How to Hold Space when Others Suffer

One of the greatest gifts we can give another is to hold space for them. Holding space is when we stay focused and present with another person while they are going through strong emotions.  Frequently these emotions are the hard ones: grief, despair, fear, and what I call worry and flurry. To hold space is to be present without judgment, problem solving, or expectations.

As children, our mothers and fathers held space for us when we cried. The way we simply hold a baby in our arms to comfort it, is much like how we hold space for adults we care about. You probably have experienced a look of kindness so gentle that it freed the tears stopped up within you.  That person was holding space for you in their heart.

So how do we do it? How do we go about holding space?

Sometimes holding space involves physically holding, but more often that not, it is to hold our friend with our heart and our mind… in person, on the phone, or in our thoughts.  To hold space is to make room in our heart to witness their pain, and not to problem solve or change it.  To let it be just as it is so they can work through it themselves, with the comfort of knowing we are there for them in body or in spirit.

I really learned to hold space as a spiritual care volunteer in palliative care.  I came to accept that no matter how hard I wished, I couldn’t take away the physical or emotional suffering of another.  Nor could I remove the anguish of family members as they prepared for life without their loved one. To think I could was to feel more powerful than I actually was, and also didn’t make room for them to go through things in their own way. And so I learned what it meant to be truly WITH people in empathy and kindness. The more aware and open I was to their experience, whatever it was, the better I was able to be a genuinely supportive companion. Sometimes I held a hand, rubbed feet, made a cup of tea, or offered gentle words.  But most of the time, few if any words were spoken. Often I synchronized my breath with theirs allowing us to be two human beings bridged by our breath.

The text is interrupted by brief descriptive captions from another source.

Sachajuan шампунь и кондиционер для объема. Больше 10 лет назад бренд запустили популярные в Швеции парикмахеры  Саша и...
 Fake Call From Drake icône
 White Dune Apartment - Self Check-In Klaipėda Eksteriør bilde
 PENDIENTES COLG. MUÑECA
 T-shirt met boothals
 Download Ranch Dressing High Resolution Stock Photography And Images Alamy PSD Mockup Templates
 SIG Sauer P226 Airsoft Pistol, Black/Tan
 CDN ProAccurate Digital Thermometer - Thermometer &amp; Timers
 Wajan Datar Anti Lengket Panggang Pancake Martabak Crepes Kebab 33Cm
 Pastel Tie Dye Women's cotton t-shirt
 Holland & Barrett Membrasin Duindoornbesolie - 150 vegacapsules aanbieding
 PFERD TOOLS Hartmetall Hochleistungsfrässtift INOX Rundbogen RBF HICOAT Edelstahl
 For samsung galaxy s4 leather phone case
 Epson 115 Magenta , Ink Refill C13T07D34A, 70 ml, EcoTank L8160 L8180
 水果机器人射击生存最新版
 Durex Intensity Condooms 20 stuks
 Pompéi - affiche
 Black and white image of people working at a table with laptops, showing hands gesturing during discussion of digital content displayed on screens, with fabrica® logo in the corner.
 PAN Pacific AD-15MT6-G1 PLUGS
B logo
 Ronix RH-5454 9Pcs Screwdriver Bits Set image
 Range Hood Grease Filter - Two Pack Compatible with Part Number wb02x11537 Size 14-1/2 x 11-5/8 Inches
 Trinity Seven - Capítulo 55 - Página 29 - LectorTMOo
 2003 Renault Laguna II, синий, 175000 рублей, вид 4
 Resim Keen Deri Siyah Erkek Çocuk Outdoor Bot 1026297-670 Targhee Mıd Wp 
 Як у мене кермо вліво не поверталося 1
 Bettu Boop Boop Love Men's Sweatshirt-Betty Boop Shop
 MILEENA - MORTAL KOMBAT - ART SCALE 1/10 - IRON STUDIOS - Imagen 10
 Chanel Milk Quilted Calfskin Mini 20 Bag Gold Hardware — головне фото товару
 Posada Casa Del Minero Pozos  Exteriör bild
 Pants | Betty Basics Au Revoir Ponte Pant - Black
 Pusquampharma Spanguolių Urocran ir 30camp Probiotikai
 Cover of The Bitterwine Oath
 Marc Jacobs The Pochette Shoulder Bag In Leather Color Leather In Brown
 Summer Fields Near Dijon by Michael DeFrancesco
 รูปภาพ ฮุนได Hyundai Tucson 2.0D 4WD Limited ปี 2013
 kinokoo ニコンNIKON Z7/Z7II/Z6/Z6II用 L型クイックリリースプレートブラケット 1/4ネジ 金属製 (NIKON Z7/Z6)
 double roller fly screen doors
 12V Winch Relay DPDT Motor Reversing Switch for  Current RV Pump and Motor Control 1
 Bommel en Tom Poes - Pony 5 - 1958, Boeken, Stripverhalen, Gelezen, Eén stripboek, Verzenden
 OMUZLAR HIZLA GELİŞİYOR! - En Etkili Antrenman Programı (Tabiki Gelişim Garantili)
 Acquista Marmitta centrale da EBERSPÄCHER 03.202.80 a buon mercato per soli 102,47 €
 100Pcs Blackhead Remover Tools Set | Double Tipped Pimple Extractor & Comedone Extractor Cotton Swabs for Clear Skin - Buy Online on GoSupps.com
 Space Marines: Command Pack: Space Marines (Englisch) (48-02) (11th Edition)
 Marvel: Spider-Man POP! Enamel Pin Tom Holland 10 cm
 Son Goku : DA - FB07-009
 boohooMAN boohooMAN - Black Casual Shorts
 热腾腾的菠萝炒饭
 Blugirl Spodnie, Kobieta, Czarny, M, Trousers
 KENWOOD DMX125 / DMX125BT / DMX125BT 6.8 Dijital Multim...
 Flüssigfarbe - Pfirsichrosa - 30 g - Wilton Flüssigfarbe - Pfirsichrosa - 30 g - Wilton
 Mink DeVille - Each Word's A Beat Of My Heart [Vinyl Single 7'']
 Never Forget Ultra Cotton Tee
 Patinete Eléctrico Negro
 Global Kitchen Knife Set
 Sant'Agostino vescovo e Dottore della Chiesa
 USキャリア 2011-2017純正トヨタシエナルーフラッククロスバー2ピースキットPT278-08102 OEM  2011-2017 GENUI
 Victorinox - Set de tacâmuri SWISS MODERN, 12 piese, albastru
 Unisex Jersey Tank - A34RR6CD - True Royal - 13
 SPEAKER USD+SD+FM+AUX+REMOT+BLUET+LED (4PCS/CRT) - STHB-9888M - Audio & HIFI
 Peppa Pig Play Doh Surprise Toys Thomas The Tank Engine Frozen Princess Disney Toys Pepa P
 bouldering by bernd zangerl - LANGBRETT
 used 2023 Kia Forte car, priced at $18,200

To hold space is to let someone know they do not walk alone. You aren’t trying to release their emotions for them.  Rather you give empathetic support that can gives them courage to bear what they must bear. To resolve what they must resolve. To feel what they must feel. Holding space is beyond words. It is a precious gift but holding space can be hard. Strive not to take anything personally or to let the other’s pain reside in your own spirit because of worry or transference. It’s wise to nourish yourself afterwards.  After my shift at the hospital, I would walk home as a transition. Once home, I relaxed in a hot bath. This was my ritual of holding space for my own emotions afterwards.

The amazing thing about holding space is that it is not a one-sided relationship.  Whatever space I offered, I was given the same and more in return.  Holding space is two people touching the collective spirit of their humanity together.